Livro dos Dias que é a junção de tudo aquilo que já foi conhecido e da nova lição.
Nada sei. Passa-se apressadamente e sequer tem tempo de avistar um velho que silenciosamente medita no seu banco de praça. A pessoa vai com mil problemas para resolver e não sabe que bastaria um instante, ao lado do velho, para ser aberto o Livro das Respostas.
Livro das Respostas que em poucas palavras desvendam os mistérios e as indagações.
Nada sei. E muitas vezes nem procuro saber. Há no ser humano um desmedido contentamento em saber apenas o bastante para a resolução dos problemas mais urgentes. Poucos se preocupam em tirar as traças e reler o grande Livro de Tudo.
Livro de Tudo que está escrito na mente de cada e sua leitura se faz na própria ação.
Nada sei. Muitos nada sabem e, por orgulho, escondem o desejo de aprender. Sempre se torna difícil que se reconheçam aprendizes, que se sintam com pouca sabedoria, que se autocritiquem pelas inexperiências. Não sabem da existência do Livro da Humildade.
Livro da Humildade que mostra o ser humano como lírio do campo ante toda ciência.
Nada sei. Minha pouca fé me faz descrente de quase tudo. Não sei se existem milagres, qual a força divina, qual a seiva da religiosidade, o que foi prometido e o que é feito pelo homem.

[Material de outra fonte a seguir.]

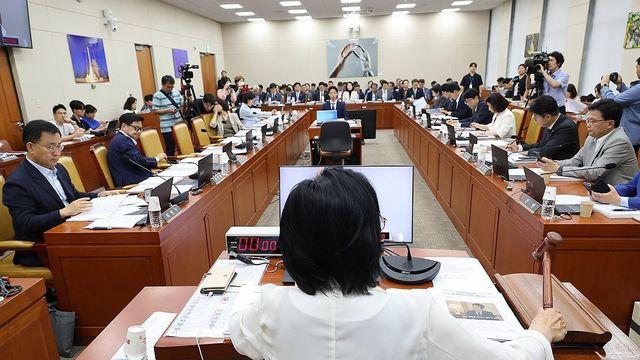 방통위 개편 논의 본격화…정부 부처도 의견 쏟아내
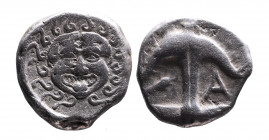 Thrace, Apollonia Pontica, late 5th-4th centuries.
Facing gorgoneion;
Anchor upright, to the left crayfish, to the right A.
SNG Black Sea 153-156, 158...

Não acredito o suficiente no Livro Sagrado.
Livro Sagrado que vai além de ser Bíblia para ser aquilo escrito no coração como fé.
Nada sei. As teimosias são como pedras que se deixam transformar em pó por não aceitarem suas fragilidades. Tudo acontece e é como se nada acontecesse. Falta o encorajamento para dizer sobre a carência. E para a leitura do Livro dos Ventos.
Livro dos Ventos que descreve a fragilidade da vida pelo desprezo ao que se deseja.
Nada sei. Creio que sempre será justo o reconhecimento de nada ou pouco saber. Somente tal compreensão permitirá que o ser humano vá juntando grãos para formar sua própria montanha. E lá do alto escrever o Livro das Nuvens.
Livro das Nuvens onde tudo é folha em branco esperando a escrita de cada um.
Nada sei perante todos estes livros. Preciso escrever o Livro do Espelho: qual reflexo sobre mim eu escreverei?